Data records
***

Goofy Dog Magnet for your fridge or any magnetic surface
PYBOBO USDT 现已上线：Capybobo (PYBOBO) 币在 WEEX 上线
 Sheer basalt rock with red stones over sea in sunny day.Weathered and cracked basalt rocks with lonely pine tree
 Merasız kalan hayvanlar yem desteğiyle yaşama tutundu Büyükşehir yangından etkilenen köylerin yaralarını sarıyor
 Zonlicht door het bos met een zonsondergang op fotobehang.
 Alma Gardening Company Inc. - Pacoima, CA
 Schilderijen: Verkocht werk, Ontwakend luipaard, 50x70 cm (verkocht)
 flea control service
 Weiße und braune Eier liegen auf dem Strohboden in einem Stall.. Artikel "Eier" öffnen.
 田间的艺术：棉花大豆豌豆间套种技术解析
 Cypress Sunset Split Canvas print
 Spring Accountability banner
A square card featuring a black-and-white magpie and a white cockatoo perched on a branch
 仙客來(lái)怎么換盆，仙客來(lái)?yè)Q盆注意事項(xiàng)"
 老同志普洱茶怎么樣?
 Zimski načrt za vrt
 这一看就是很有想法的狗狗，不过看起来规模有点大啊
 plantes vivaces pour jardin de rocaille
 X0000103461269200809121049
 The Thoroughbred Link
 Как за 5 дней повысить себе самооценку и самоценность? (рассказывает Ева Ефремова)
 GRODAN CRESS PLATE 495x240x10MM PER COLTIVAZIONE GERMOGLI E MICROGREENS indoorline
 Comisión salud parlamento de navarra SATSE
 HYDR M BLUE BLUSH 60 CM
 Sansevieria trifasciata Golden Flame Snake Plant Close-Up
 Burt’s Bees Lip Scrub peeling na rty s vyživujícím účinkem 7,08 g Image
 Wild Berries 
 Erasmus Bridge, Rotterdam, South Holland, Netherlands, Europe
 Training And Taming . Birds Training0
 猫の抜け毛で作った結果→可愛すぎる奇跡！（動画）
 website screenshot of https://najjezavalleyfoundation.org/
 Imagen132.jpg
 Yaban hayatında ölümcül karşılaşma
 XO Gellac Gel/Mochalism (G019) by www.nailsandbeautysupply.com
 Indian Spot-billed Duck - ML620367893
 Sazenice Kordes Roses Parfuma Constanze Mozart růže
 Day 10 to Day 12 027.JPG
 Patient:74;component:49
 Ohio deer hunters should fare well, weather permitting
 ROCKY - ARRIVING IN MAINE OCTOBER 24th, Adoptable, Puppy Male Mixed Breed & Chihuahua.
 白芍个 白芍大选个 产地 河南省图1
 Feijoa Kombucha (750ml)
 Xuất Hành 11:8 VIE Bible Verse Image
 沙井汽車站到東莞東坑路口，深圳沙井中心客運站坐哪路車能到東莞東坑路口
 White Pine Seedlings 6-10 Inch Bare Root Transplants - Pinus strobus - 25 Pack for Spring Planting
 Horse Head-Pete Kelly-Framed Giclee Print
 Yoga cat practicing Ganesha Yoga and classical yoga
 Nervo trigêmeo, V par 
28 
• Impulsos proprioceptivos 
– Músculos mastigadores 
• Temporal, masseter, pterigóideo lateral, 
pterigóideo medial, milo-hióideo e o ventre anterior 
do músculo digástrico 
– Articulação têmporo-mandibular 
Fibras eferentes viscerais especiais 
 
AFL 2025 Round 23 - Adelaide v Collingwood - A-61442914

***

> ABOUT THIS EXERCISE:
Out of the entries above, write out only the lines between the line holding "Training And Taming . Birds Training0" and the line holding "Feijoa Kombucha (750ml)", inclusive, each exactly as given.

> REPLY:
 Training And Taming . Birds Training0
 猫の抜け毛で作った結果→可愛すぎる奇跡！（動画）
 website screenshot of https://najjezavalleyfoundation.org/
 Imagen132.jpg
 Yaban hayatında ölümcül karşılaşma
 XO Gellac Gel/Mochalism (G019) by www.nailsandbeautysupply.com
 Indian Spot-billed Duck - ML620367893
 Sazenice Kordes Roses Parfuma Constanze Mozart růže
 Day 10 to Day 12 027.JPG
 Patient:74;component:49
 Ohio deer hunters should fare well, weather permitting
 ROCKY - ARRIVING IN MAINE OCTOBER 24th, Adoptable, Puppy Male Mixed Breed & Chihuahua.
 白芍个 白芍大选个 产地 河南省图1
 Feijoa Kombucha (750ml)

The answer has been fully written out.